From: Wen Gu <guwen@linux.alibaba.com>
To: "Uladzislau Rezki (Sony)" <urezki@gmail.com>
Cc: shaozhengchao <shaozhengchao@huawei.com>,
linux-mm@kvack.org, LKML <linux-kernel@vger.kernel.org>
Subject: Re: [PATCH v3 04/11] mm: vmalloc: Remove global vmap_area_root rb-tree
Date: Fri, 5 Jan 2024 16:10:32 +0800 [thread overview]
Message-ID: <238e63cd-e0e8-4fbf-852f-bc4d5bc35d5a@linux.alibaba.com> (raw)
In-Reply-To: <20240102184633.748113-5-urezki@gmail.com>
[-- Attachment #1: Type: text/plain, Size: 5957 bytes --]
On 2024/01/03 02:46, Uladzislau Rezki wrote:
> Store allocated objects in a separate nodes. A va->va_start
> address is converted into a correct node where it should
> be placed and resided. An addr_to_node() function is used
> to do a proper address conversion to determine a node that
> contains a VA.
>
> Such approach balances VAs across nodes as a result an access
> becomes scalable. Number of nodes in a system depends on number
> of CPUs.
>
> Please note:
>
> 1. As of now allocated VAs are bound to a node-0. It means the
> patch does not give any difference comparing with a current
> behavior;
>
> 2. The global vmap_area_lock, vmap_area_root are removed as there
> is no need in it anymore. The vmap_area_list is still kept and
> is _empty_. It is exported for a kexec only;
>
> 3. The vmallocinfo and vread() have to be reworked to be able to
> handle multiple nodes.
>
> Reviewed-by: Baoquan He <bhe@redhat.com>
> Signed-off-by: Uladzislau Rezki (Sony) <urezki@gmail.com>
> ---
<...>
> struct vmap_area *find_vmap_area(unsigned long addr)
> {
> + struct vmap_node *vn;
> struct vmap_area *va;
> + int i, j;
>
> - spin_lock(&vmap_area_lock);
> - va = __find_vmap_area(addr, &vmap_area_root);
> - spin_unlock(&vmap_area_lock);
> + /*
> + * An addr_to_node_id(addr) converts an address to a node index
> + * where a VA is located. If VA spans several zones and passed
> + * addr is not the same as va->va_start, what is not common, we
> + * may need to scan an extra nodes. See an example:
> + *
> + * <--va-->
> + * -|-----|-----|-----|-----|-
> + * 1 2 0 1
> + *
> + * VA resides in node 1 whereas it spans 1 and 2. If passed
> + * addr is within a second node we should do extra work. We
> + * should mention that it is rare and is a corner case from
> + * the other hand it has to be covered.
> + */
> + i = j = addr_to_node_id(addr);
> + do {
> + vn = &vmap_nodes[i];
>
> - return va;
> + spin_lock(&vn->busy.lock);
> + va = __find_vmap_area(addr, &vn->busy.root);
> + spin_unlock(&vn->busy.lock);
> +
> + if (va)
> + return va;
> + } while ((i = (i + 1) % nr_vmap_nodes) != j);
> +
> + return NULL;
> }
>
Hi Uladzislau Rezki,
I really like your work, it is great and helpful!

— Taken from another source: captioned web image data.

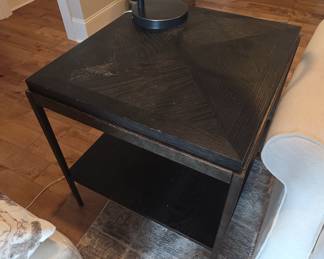 Industrial Black Wood and Metal End Table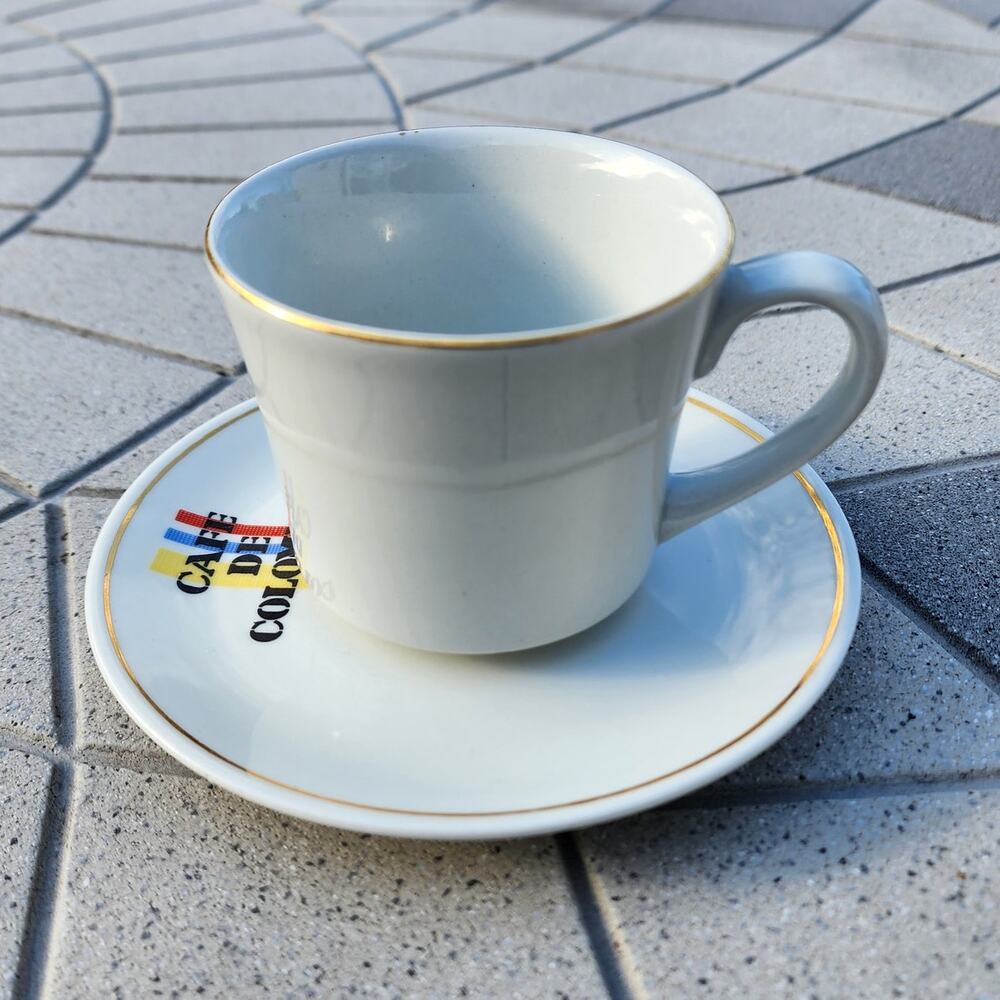 Vintage Corona Cafe de Colombia Porcelain Espresso Cup & Saucer Set - Picture 2 of 9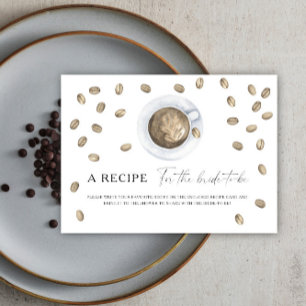 Coffee bridal shower Recipe for the bride to be Enclosure Card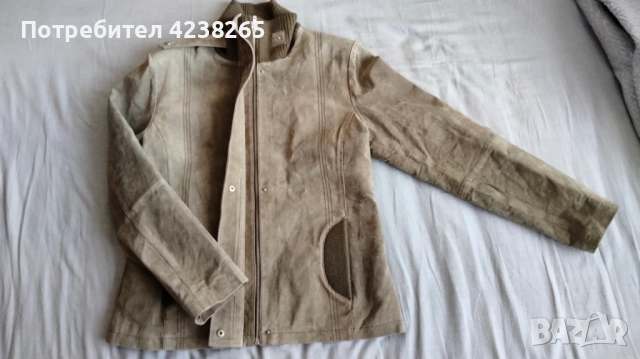 яке дамско,естествена кожа-велур, зелено, снимка 4 - Якета - 52824722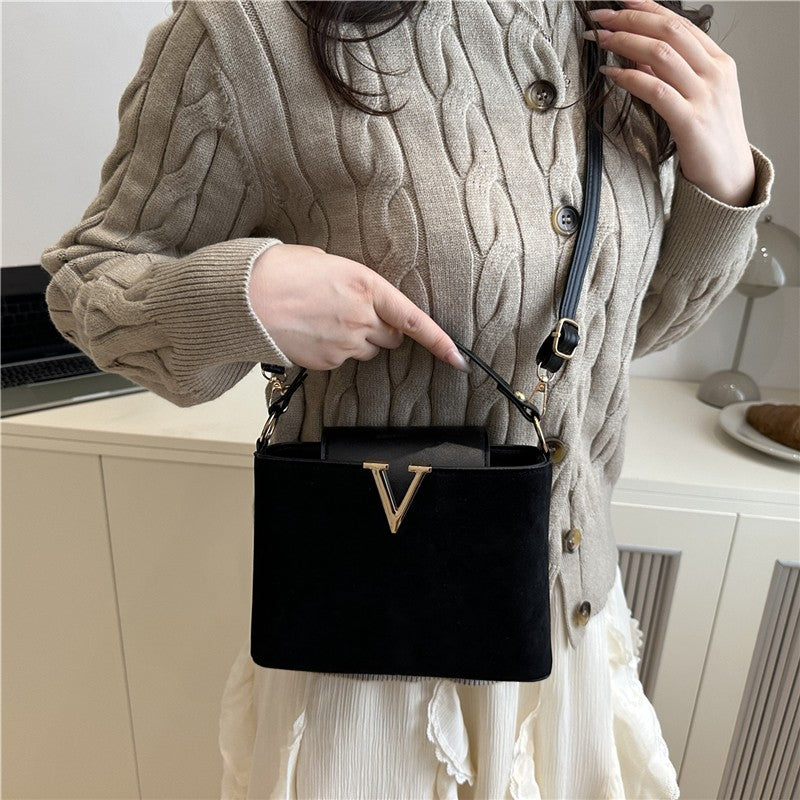 Fashionable Mini Suede Women's Bag, Faux Suede Tote Bag, Hardware Lock Buckle Decoration Handbag Purse Shoulder Cross Body Bags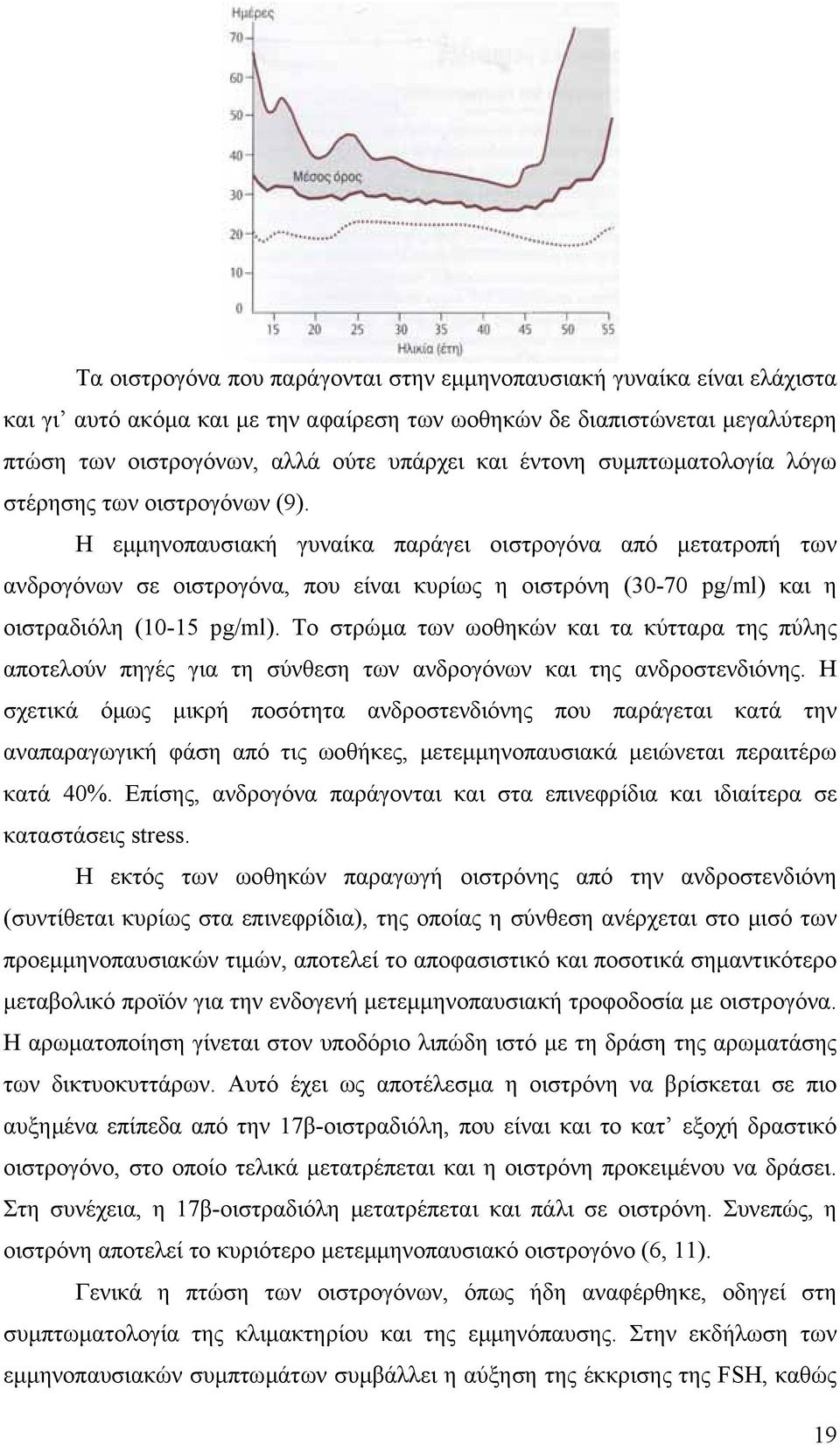 Η εµµηνοπαυσιακή γυναίκα παράγει οιστρογόνα από µετατροπή των ανδρογόνων σε οιστρογόνα, που είναι κυρίως η οιστρόνη (30-70 pg/ml) και η οιστραδιόλη (10-15 pg/ml).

Currently, I am working on using shared memory communication (SMC [1])
to transparently accelerate TCP communication between two peers within
the same OS instance[2].
In this scenario, a vzalloced kernel buffer acts as a shared memory and
will be simultaneous read or written by two SMC sockets, thus forming an
SMC connection.
socket1 socket2
| ^
| | userspace
---- write -------------------- read ------
| +-----------------+ | kernel
+--->| shared memory |---+
| (vzalloced now) |
+-----------------+
Then I encountered the performance regression caused by lock contention
in find_vmap_area() when multiple threads transfer data through multiple
SMC connections on machines with many CPUs[3].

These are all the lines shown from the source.